Die Grünlandberatung der Landwirtschaft mit Feldbegehungen muss unbedingt wiederaufgenommen, ausgebaut und dauerhaft personell gesichert werden. Nur eine einzige (!) Referent*innenstelle in der Grünlandberatung für etwa 4.000 Milchviehhalter*innen kann dem nicht gerecht werden!

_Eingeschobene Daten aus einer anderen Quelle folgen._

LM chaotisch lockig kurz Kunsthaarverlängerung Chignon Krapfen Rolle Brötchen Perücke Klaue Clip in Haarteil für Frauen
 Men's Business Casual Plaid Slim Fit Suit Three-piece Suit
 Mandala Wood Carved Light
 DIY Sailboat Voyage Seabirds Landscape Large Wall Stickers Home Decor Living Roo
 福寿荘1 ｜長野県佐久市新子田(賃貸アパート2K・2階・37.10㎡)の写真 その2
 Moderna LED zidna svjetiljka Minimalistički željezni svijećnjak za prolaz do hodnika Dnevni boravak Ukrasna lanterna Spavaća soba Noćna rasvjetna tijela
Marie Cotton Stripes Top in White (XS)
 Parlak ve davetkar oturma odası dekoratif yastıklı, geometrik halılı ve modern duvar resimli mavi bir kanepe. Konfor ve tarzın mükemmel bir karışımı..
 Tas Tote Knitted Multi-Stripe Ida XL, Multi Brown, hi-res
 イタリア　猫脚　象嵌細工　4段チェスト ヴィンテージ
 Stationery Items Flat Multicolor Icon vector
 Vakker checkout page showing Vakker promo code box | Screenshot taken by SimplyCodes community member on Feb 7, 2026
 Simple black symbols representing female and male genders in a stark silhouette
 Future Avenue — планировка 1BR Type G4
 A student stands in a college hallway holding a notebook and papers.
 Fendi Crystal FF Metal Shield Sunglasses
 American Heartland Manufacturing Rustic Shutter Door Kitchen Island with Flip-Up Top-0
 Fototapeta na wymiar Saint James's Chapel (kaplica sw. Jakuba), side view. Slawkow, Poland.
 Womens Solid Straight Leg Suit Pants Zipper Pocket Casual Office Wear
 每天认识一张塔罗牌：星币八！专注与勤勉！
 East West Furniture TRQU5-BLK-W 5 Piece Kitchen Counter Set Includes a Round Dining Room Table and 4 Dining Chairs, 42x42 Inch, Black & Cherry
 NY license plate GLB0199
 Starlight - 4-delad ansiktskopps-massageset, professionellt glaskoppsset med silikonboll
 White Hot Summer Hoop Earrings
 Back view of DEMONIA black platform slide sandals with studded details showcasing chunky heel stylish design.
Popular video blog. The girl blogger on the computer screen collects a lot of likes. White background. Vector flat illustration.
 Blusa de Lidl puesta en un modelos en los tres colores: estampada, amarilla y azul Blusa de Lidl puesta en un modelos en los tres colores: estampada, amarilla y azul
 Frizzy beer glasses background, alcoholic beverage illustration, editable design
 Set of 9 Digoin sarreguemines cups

Beweidung und biologischer Klimaschutz

Bei angepasster Nutzungsintensität und vorrangig auf Grasland basierter Tierhaltung verschieben sich biologische Prozesse in Richtung Kohlenstoffbindung im Boden.

Das Zusammenspiel von Mikroorganismen, Rinderexkrementen und Wurzelwachstum verbessert die Bodenfruchtbarkeit. Genau aus diesem Grund sind die ehemaligen Weideflächen der großen Weidetiere jetzt die größten Humusvorkommen und Gunstböden.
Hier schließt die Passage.